Two Excellent Opinions in Murthy v. Missouri

I agree with Will Baude's and Jonathan Adler's posts earlier today that Justice Barrett's excellent majority opinion throwing out the plaintiff's case for lack of standing reaches the right outcome. The plaintiff's had to prove an actual injury, not one that was hypothetical or speculative, that the Court could redress by an injunction targeted against the Biden Administration in the future. The fact that the Biden Administration threatened Facebook with an antitrust suit to force it to delete, among others, Robert F. Kennedy's posts about vaccine skepticism, during Covid, does not mean that the Biden Administration will behave this way in the future.
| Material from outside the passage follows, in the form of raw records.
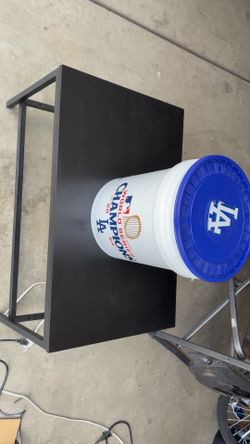 Dodgers Bucket
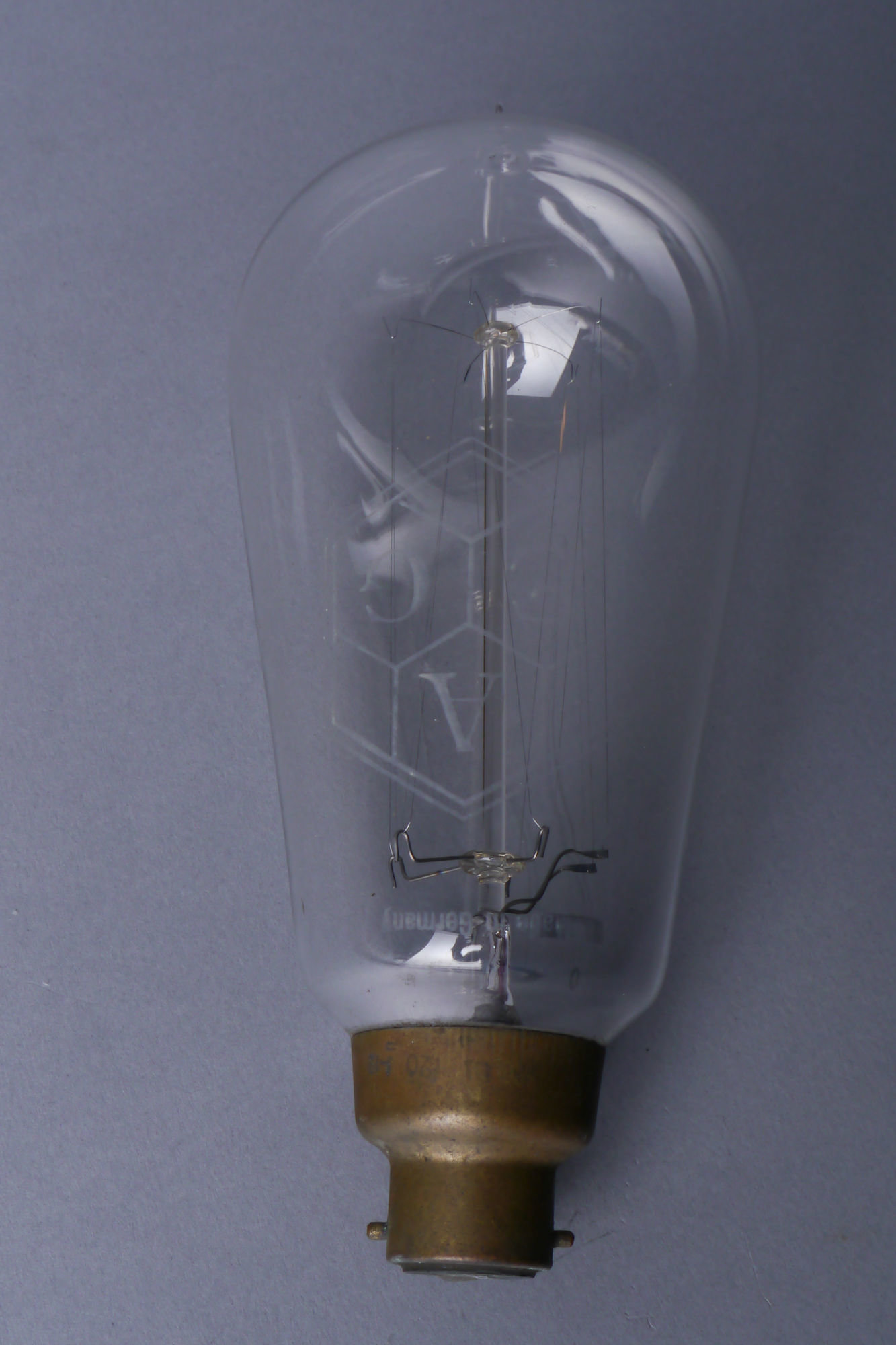 Kooldraadlamp van het merk AEG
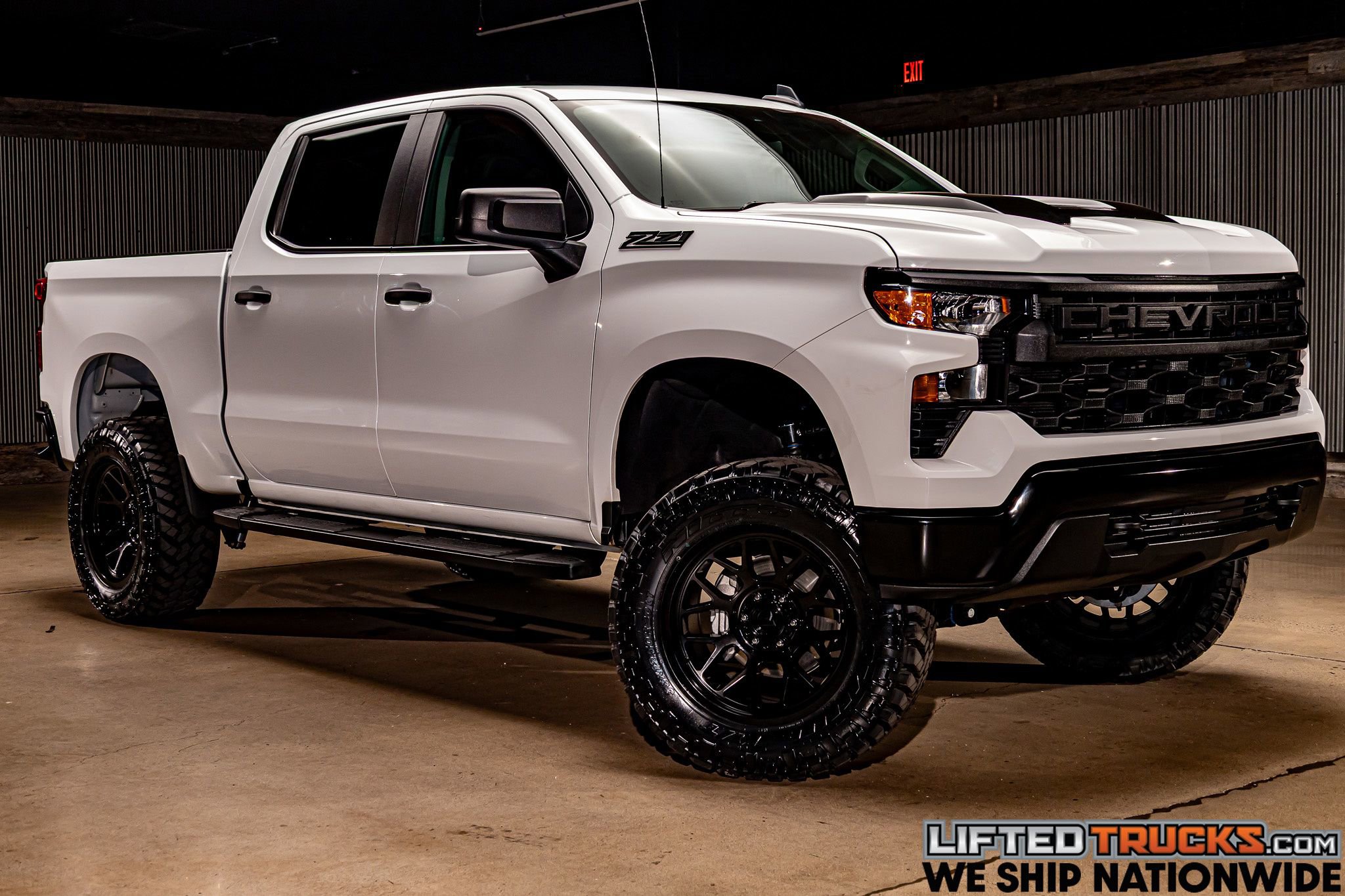 Used 2025 Chevrolet Silverado 1500 Custom Trail Boss w/ LPO, Dark Essentials Package image 1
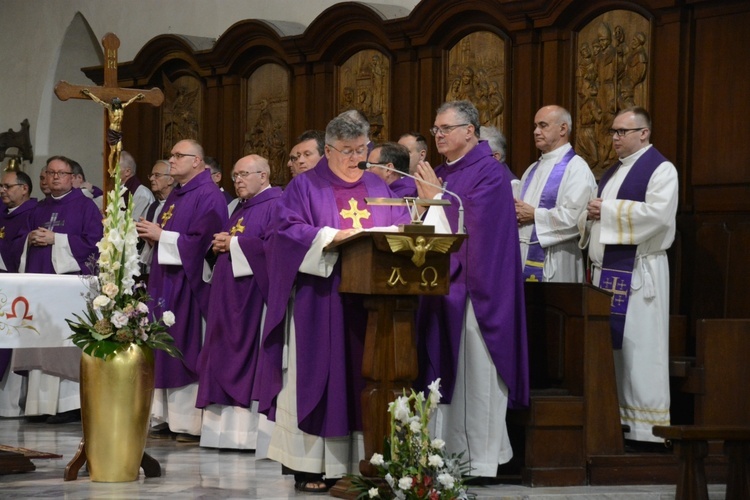 Msza św. żałobna za zmarłego bp. Jana Wieczorka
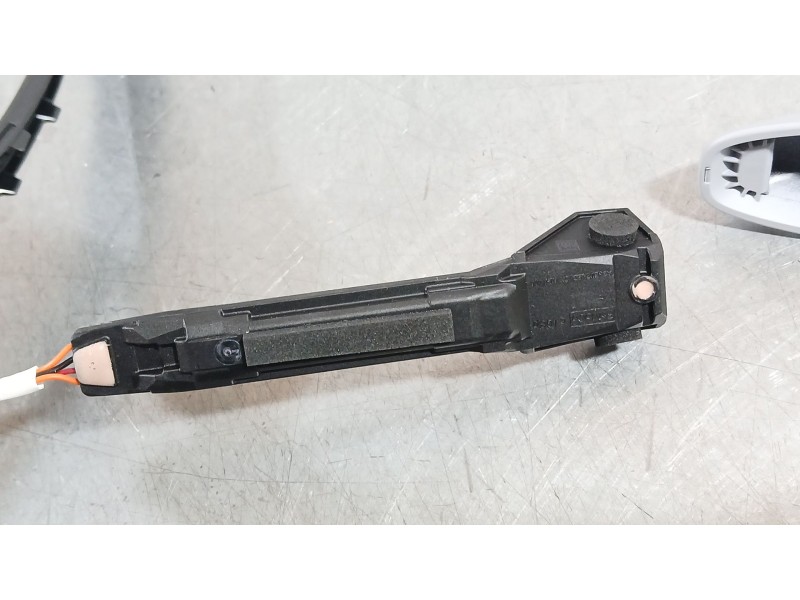 Recambio de maneta exterior delantera derecha para ford kuga iii (dfk) 1.5 ecoboost referencia OEM IAM LJ6BS22404EC CON SENSOR 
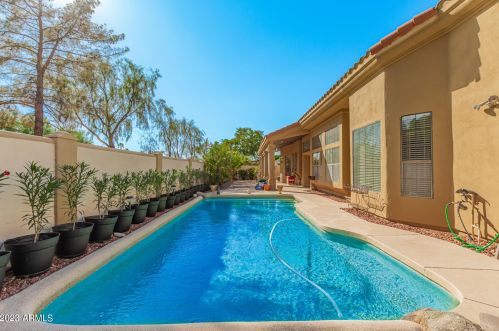 1149 Beverly Ln, Phoenix AZ 85032-3409 exterior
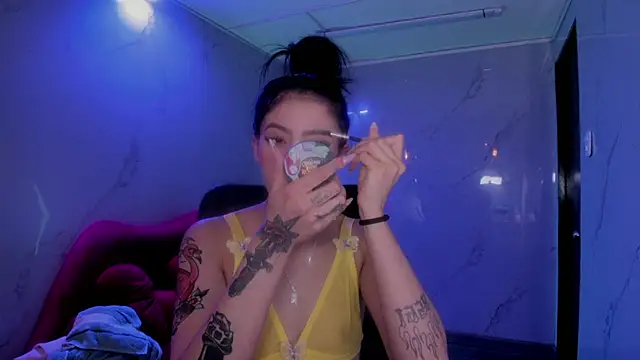 LilithCooperr  online show from April 10, 3:35 am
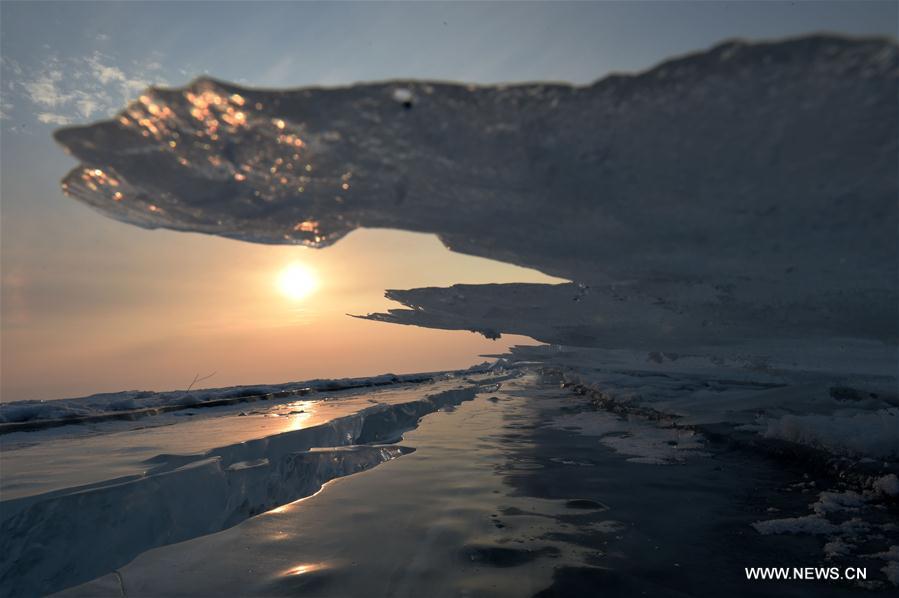 الصورة: قطع الجليد تطفو على بحيرة شينغكاي بشمال شرقي الصين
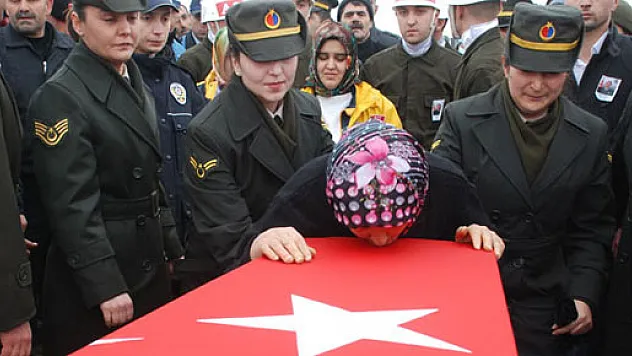 Yaralanan komutanını kurtarırken şehit düşmüş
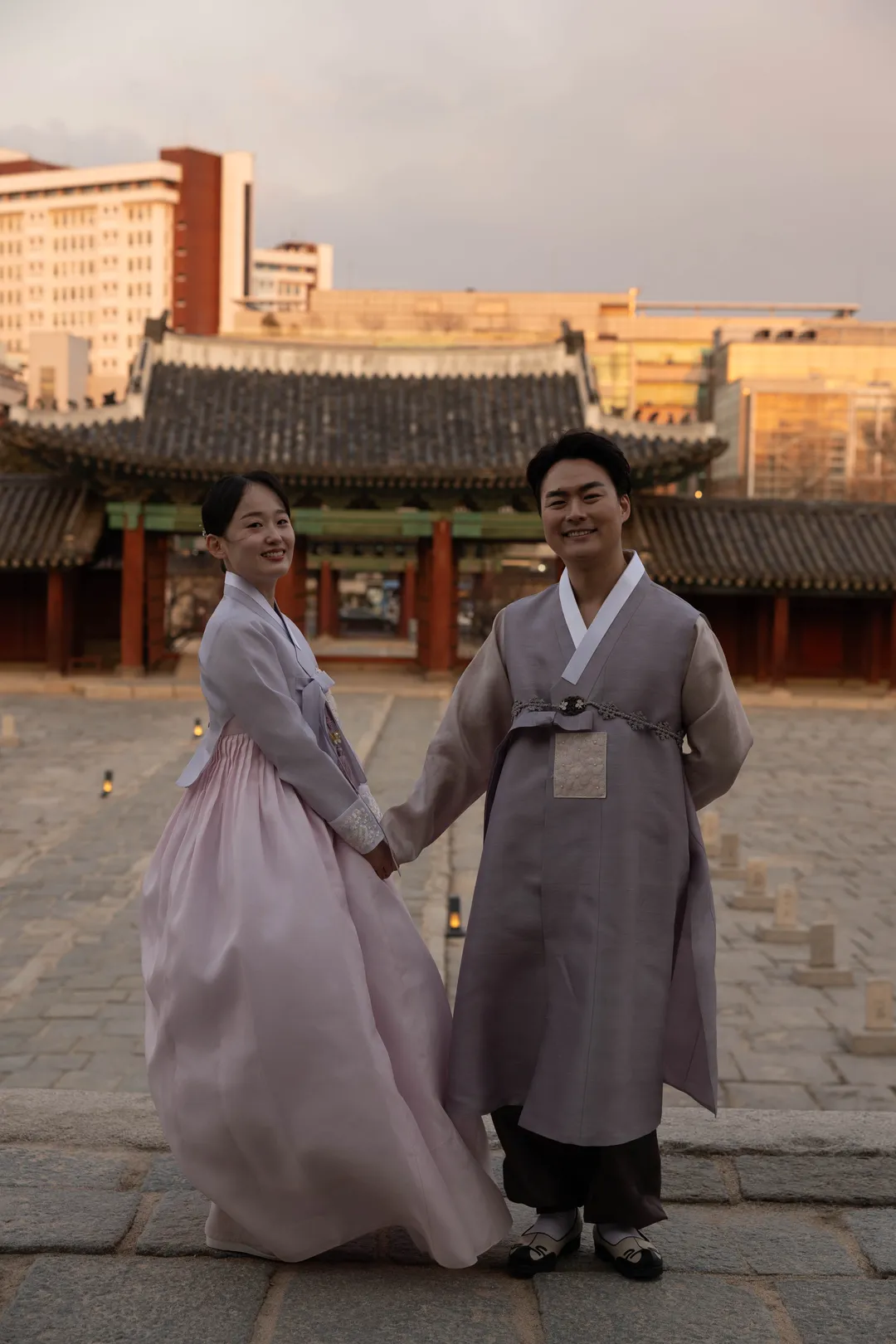 한복 입고 손잡고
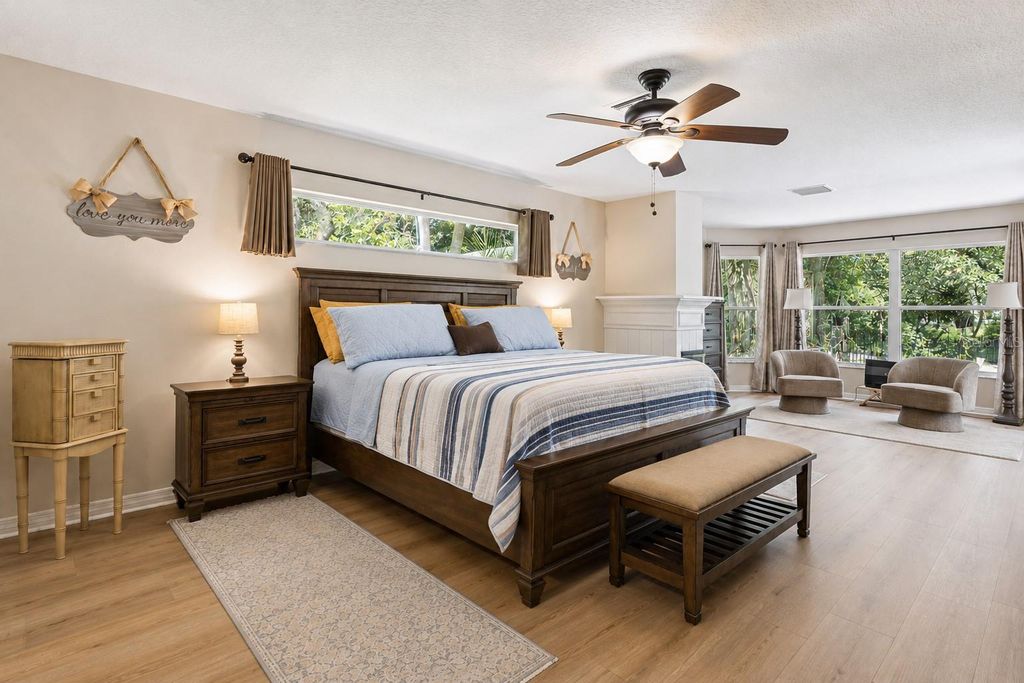 Image 20 of property listing at 33440 LAKE BEND CIRCLE, Leesburg, FL 34788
We simply do not know, today, if there will be either a Covid-like event or a Biden Administration, in the future, i.e. after January 20, 2025. Justice Scalia would have joined Justice Barrett's opinion if he was alive and on the Supreme Court today.

At the same time, Justice Alito's excellent dissent usefully summarizes a sustained campaign of brutal and vicious threats made by the Biden Administration against Facebook during Covid from 2021 to 2022. Biden threatened to breakup Facebook with an antitrust suit if it did not greatly censor vaccine skeptic speech. Facebook meekly complied because they had bigger fish to fry. This was a clear violation of the First Amendment by the Biden Administration. It was a gross misuse of presidential power that, at the time, was a High Crime or Misdemeanor. The plaintiffs in this case might have standing to sue the various government officials mentioned in their complaints for money damages, but they do not have standing to sue for a prospective injunction.

The remedy for the future behavior of Joe Biden is in the hands of American voters to be decided on November 5th of this year. It is not the Supreme Court's job to conduct a general prospective oversight of the executive branch.